Maxine Waters will 'grind down' Trump's deregulatory efforts: Jeb Hensarling
If Democratic Representative Maxine Waters takes over as the next chair of the House Financial Services Committee, which oversees the housing, banking, insurance and securities industries, she could potentially slow progress on Trump’s deregulatory efforts, according to outgoing Republican chair Texas Rep. Jeb Hensarling.
On Tuesday, Democrats won back the House for the first time in eight years, while the Republicans maintained control of the Senate. The future of the House Financial Services Commitee was just one of the issues FOX Business tracked around the midterms.

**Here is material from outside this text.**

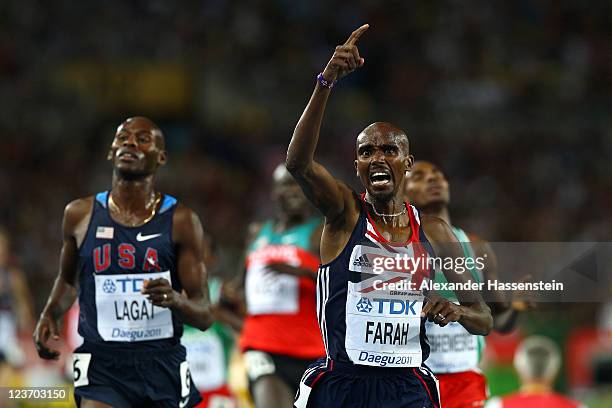 Mohamed Farah of Great Britain crosses the finish line ahead of Bernard Lagat of the USA to claim victory in the men's 5000 metres final during day...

“I fear that she will use this as a tool to harass the administration, to really grind down the deregulation -- the deregulatory efforts of the administration,” Hensarling, who currently chairs the committee, said to FOX Business’ Stuart Varney on Monday before the midterm results. “So it’s bad, really bad for economic growth.”
Hensarling added that Waters, a vocal critic of banks and their bailout programs, could create more red tape as the committee’s head.
“My fear is she’ll rubber-stamp subpoenas to all of the appointees of the president in the financial arena and… demand documents and appearances before Congress and really you know -- a harassment effort,” he said.
President Trump in a tweet on Saturday warned voters that a Democratic takeover in the upcoming midterm elections would put Waters in charge of the country’s finances. “Beginning of the end!” he warned.
Waters, during a weekend interview on MSNBC, was asked about Trump’s campaign and said, “The President of the United States of America is placing a target on my back.”
Last week FOX Business’s Charlie Gasparino reported that people close with Waters say she would have a “constructive relationship” with banks and would instead focus on the Department of Housing and Urban Development.
The president has kept his campaign promise by cutting regulations across several businesses, including rolling back some provisions of the Dodd-Frank Act. Just last week, the Federal Reserve outlined a proposal that would give some relief to smaller banks, by creating a new set of criteria to decide which large banks are subject to the toughest regulations.